April 3, 2026
Books & Records: Courts May Consider Post-Demand Evidence in “Credible Basis” Assessment
Last week, in Paramount Global v. Rhode Island Office of the Treasurer, (Del.; 3/26), a divided Delaware Supreme Court affirmed a prior Chancery Court ruling holding that, under appropriate circumstances, a stockholder could establish a credible basis for suspected wrongdoing based on post-demand evidence and anonymous sources. This excerpt from Gibson Dunn’s memo on the case summarizes the Court’s decision:
Post-Demand Evidence: The Delaware Supreme Court held “under exceptional circumstances, the Court of Chancery may, in the exercise of its sound discretion, consider post-demand evidence that is material to the court’s credible-basis inquiry and not prejudicial to the corporation.” The Court reasoned that there is nothing in Section 220’s text that prohibits the consideration of post-demand evidence. However, the Court endorsed the general rule “that when a stockholder seeks relief under § 220, it will be limited to evidence identified in the demand and the information available to the stockholder when the demand was made.”
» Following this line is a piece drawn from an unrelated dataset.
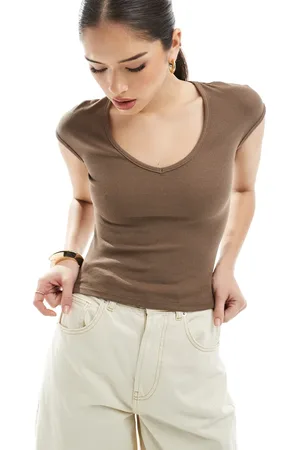 Bershka V-neck baby tee in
Hearsay in Confidentially Sourced News Reports: The Court affirmed that hearsay from anonymous sources in news articles, if found to be sufficiently reliable, can support a credible basis. The Court expressed unease with the Vice Chancellor’s suggestion that “[n]ews articles from reputable publications that rely on anonymous sources will generally be sufficiently reliable for a court to consider when assessing whether a stockholder has a credible basis to suspect wrongdoing,” but was satisfied that the Vice Chancellor did not rely exclusively on the news outlets’ reputations in reaching his conclusion. The Court noted that an inquiry into the reliability of hearsay evidence is “fact-specific” and concluded that the Vice Chancellor’s reliability determination fell “within the permissible range of choices available in this case.”
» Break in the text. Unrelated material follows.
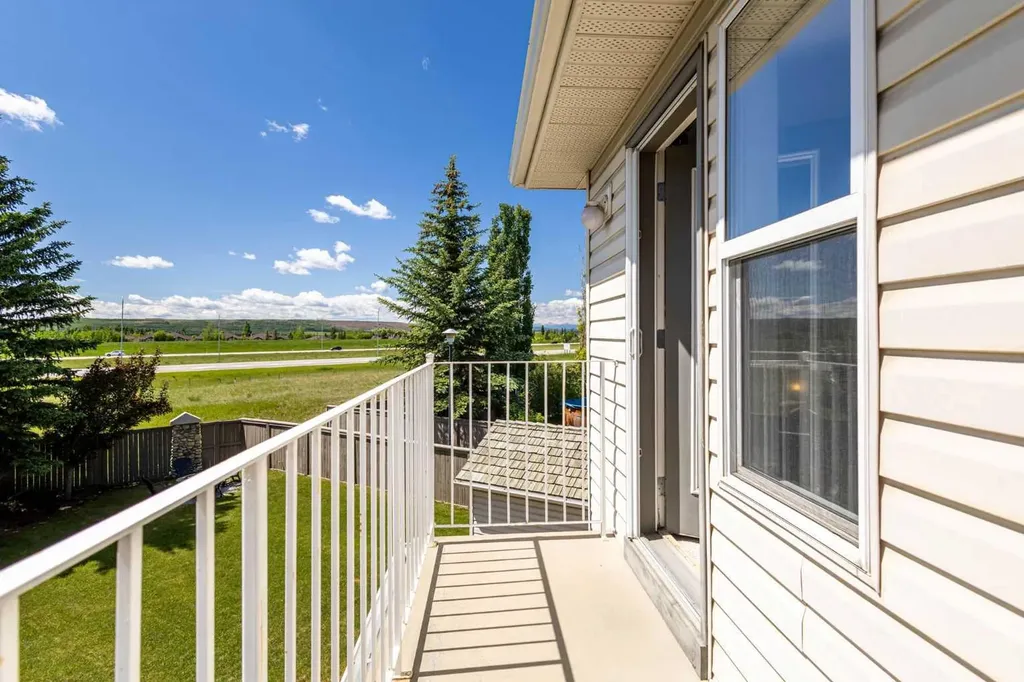 226 Springbank Place SW Calgary AB T3H 3S4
Chief Justice Seitz and Justice Valihura dissented from the Court’s decision to permit consideration of post-demand evidence. The dissenters noted that “confining stockholders to evidence in existence at the time of the demand discourages stockholders from filing Section 220 litigation lacking a concrete basis at the time of the demand” and incentivizes them “to bring books and records disputes only after the dispute has matured into a concrete dispute or transaction.”